Collaborating partners
- University of Ljubljana, Faculty of Computer and Information Science
- UL, Faculty of Fine Arts
Funding
- ARRS (P2-0214)
Project aims
Computer vision is becoming a focal problem area of artificial intelligence. In the past, a broader use of computer vision was hampered by image acquisition and by computer processing power, since image and video in particular require huge amounts of memory space and processing. In the past, therefore, problems were often limited to structured, well defined environment. The challenge of present computer vision research is to develop methods and systems which will be able to operate robustly in unstructured environments, where the types of possible objects, situations and tasks can not be defined in advance. We experience a true explosion of visual information. Visual information in digital form can be recorded by any user of a smart mobile phone in shared through Internet. Social networks are becoming more and more visually oriented. On the one side, there is a need for computer vision methods which run on mobile devices, on the other, desk top computers can increase their computing power using graphic processing units (GPU). Fast Internet connections open up the possibility to use remote computing services.

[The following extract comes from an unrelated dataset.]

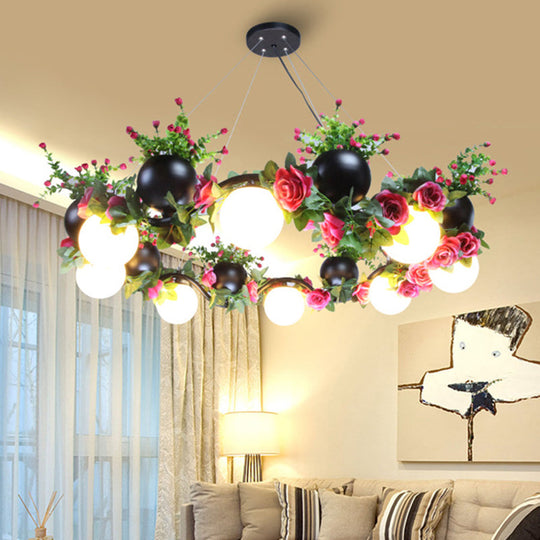 Industrial Metal Sphere Ceiling Lamp with Flower Decoration - 8 Bulbs, Black. Perfect for Living Room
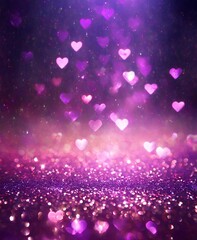 Purple hearts design background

Therefore, researchers are trying to solve harder and harder problem in the sense of fast and robust response to visual information coming from the environment. Machine learning, which was once a domain of symbolic oriented artificial intelligence, is becoming a requirement in computer vision, since only in this way, one can develop robust systems which can operate in unstructured environment. As the machine learning method of choice, deep, learnable models, such as CNNs are gaining pre-eminence. Parallel to development of a CNN based solution for segmentation and reconstruction of superquadrics from 3D point clouds, we would like to develop via transfer learning a CNN that could solve the same task based only on 2D intensity and color images. Since no other method exists for this task, which would be as fast as the proposed CNN-based solution, the proposed goal would be welcome in different application domains, where image processing in real-time is a must, but also where large clouds of 3D data points must be interpreted.

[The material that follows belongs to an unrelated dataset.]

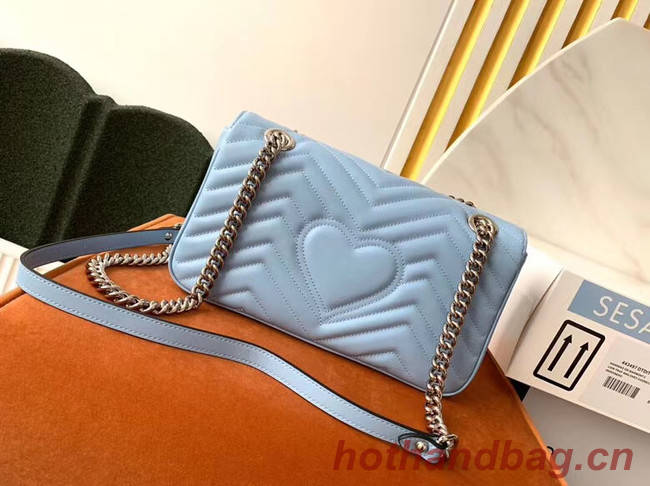 Gucci GG Marmont small shoulder bag 443497 Pastel blue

One of the main objectives of the research programme is to go beyond the supervised deep learning and to reduce the need for a large number of training samples. We will achieve this goal by developing several concepts related to the fundamental understanding of deep learning. We will focus on a novel formulation of the deep network structure and on the development of basic methods for semi-supervised, unsupervised, and reinforcement learning. We will address adversarial learning of generative deep networks and develop novel methods that incorporate compositional properties in deep models. Although the computer vision and deep learning community has started investigating approaches that do not require a huge number of labelled training data, the research field still predominantly relies on supervised learning, so that we expect that the results of the proposed research program will have a significant impact to the future development in this research area.
Programme structure and main research lines
- WP1: Visual tracking methodology and evaluation
- WP2: Vision and learning for autonomous robots
- WP3: Beyond classic deep learning
- WP4: Segmentation and modelling of 3D point clouds
- WP5: Biometrics
- WP6: User intefaces applying cameras
VCoS is mainly involved in work in WPs 1, 2, and 3.